Seeing that we would leave tomorrow, it would be ideal if I could arrange a meeting with Dr. I today. It was very short notice, but after having let me down yesterday I hoped she might be accommodating. However, she was busy. She suggested we meet on the following Thursday. So it looked like I would spend our last week commuting between Kandy and Colombo to attend various meetings. There did not seem to be much point to it, seeing that our time in Sri Lanka was coming to an end

Attending the talk at the SAAS had triggered painful memories. I had been granted a brief glimpse of the world which I had inhabited as a student, full of dreams and ambitions. That was before I had ended up in the laboratory, moving from one short-term contract to another, my dreams crumbling away. For a brief moment, I dreamt about returning to work in the field. But I had no observations, no data. I had no reputation in marine mammal research. I was no longer affiliated to a university. I was just a tourist who had nothing in common with those researchers.

I grew increasingly morose.

Depression was looming just beneath the seething anger that had started to consume me. I was still a long way from mentally balanced and, to round it all off, my hormones were in turmoil.

In the end, my moodswings became unbearable for everybody. After a particularly violent outburst, A quite rightly exploded. It was just before we were due to leave for Kandy. I ranted and raved and cried all the way, hormonal, bitter, seriously unhinged. Without access to tranquilisers, there was nothing anybody could do. There was only one thing for it. As soon as we pulled into the department carpark, I jumped out, shouldered my rucksack and left.

On the bus to Kandy town, I did not look at the lake or the stupahs and cloud-shrouded hills, focussing only the hawkers, shabby huts and mangy dogs in the foreground. I hurried across the bus station without taking any notice of anything or anybody.

I hit the road full on. The bus sped along, music blared at full volume, the glittering decorations on the windscreen fluttered in the breeze and the lights on the display above the driver’s seat flashed in colourful patterns whenever he indicated or braked. I drowned my senses in the speed and the lights and the noise. Gradually, I calmed down.

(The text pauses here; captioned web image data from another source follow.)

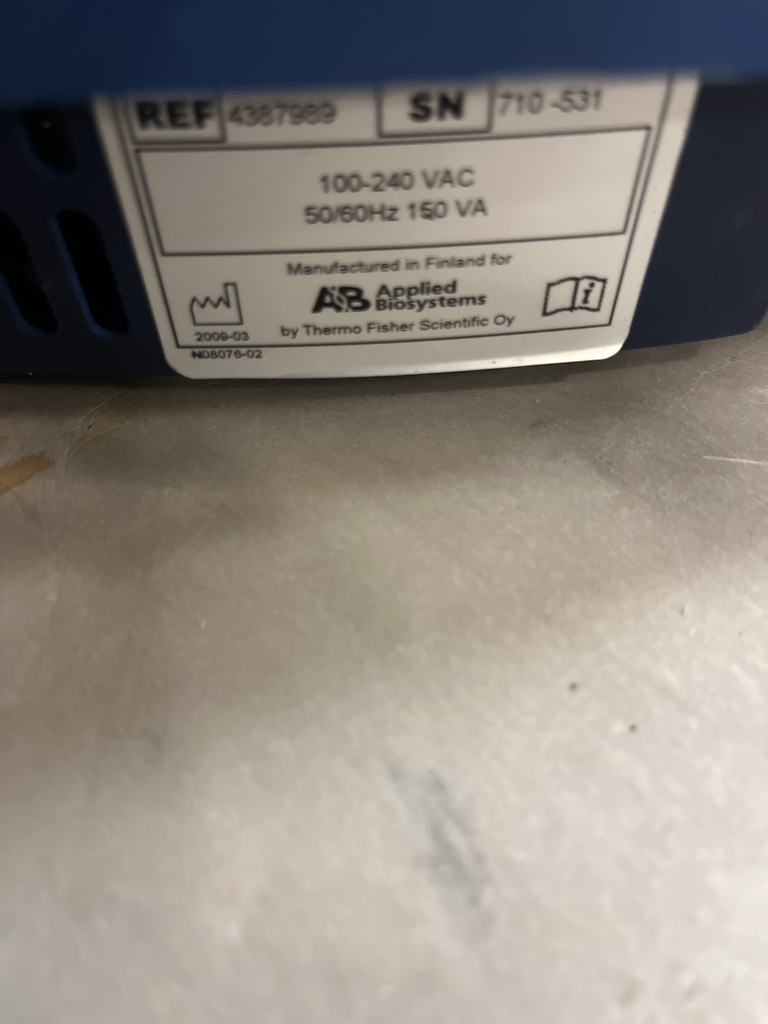 Applied Biosystems MagMAX Express 96 Automated Nucleic Acid Extractor 710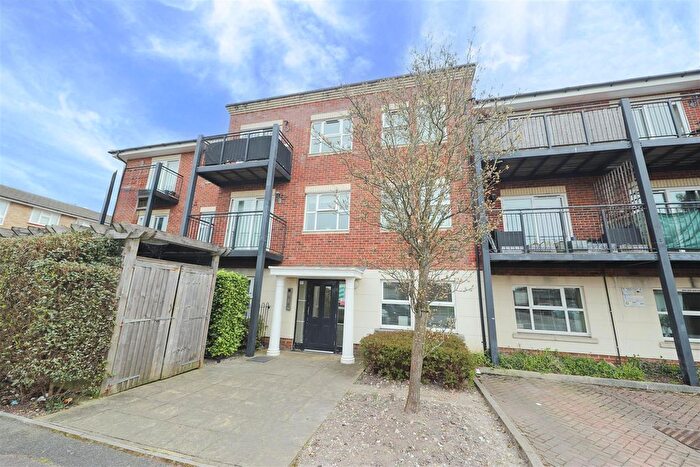 1 Bedroom Flat To Rent In Woodgate Court, Uxbridge, UB8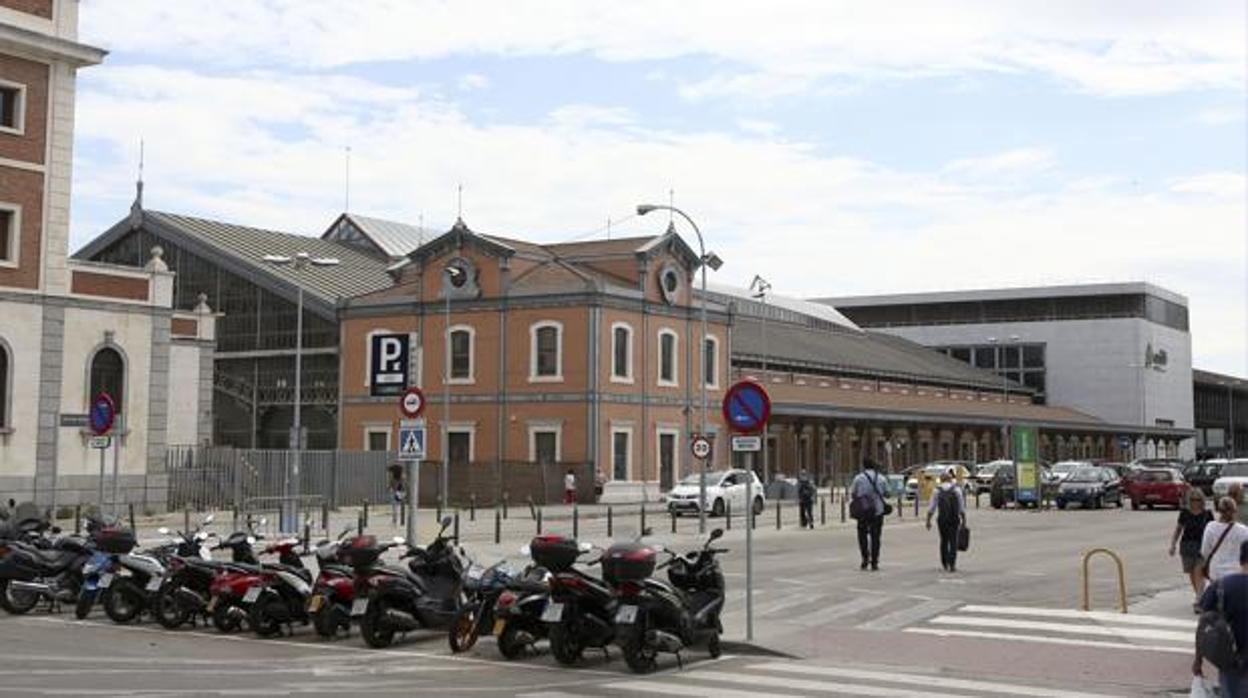 Los promotores del futuro mercado gastronómico de la estación y del hotel sobre el vestíbulo, a la espera de la creación de la comisión.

We raced on, towards Dambulla. I dithered briefly about which direction to take from there (map). The bus was destined for Vavuniya, at the border of the Wanni, an LTTE controlled area in the north which separates the Jaffna peninsula from the rest of Sri Lanka. The Wanni functions as a separate state, ‘Tamil Eelam’, complete with border controls monitored by international observers. And I had thought that border crossings would be one thing lacking in my travels on this island, so reminiscent of a miniature Africa!
I could stay on the bus, spend the night in Vavunyia and on the next day cross the Wanni and the famous Elephant Pass towards Jaffna. That region has seen the fiercest fighting during the war. The Sinhalese army took Jaffna in a massive offensive in 1995 and tried repeatedly to maintain control over this vital route to the peninsula, but in April 2000, the LTTE surrounded a large garrison, cut off all supply routes, and forced the surrender of over 15 000 troops. During their retreat towards Jaffna, the troops were ambushed by LTTE cadres, thousands were killed on both sides and hundreds of soldiers died from dehydration. Since then, the Sinhalese have not tried to regain control over the Wanni.
Now, it was possible to travel overland to Jaffna once more, even if it meant running the gauntlet of numerous LTTE check-points. This would be a very different part of Sri Lanka, as would the peninsula itself. The war and subsequent isolation has left its unique mark on Jaffna. Historical buildings are in ruins. People are re-claiming houses scarred by bullet holes and mortar fire. Very few cars have been brought into the peninsula since the conflict started so the streets are full of 70s and early 80s vintage cars, modified to run on kerosene because fuel is strictly rationed. The people of Jaffna have a reputation of being the friendliest on the island, despite all the hardships they have suffered. I was very tempted to explore the region.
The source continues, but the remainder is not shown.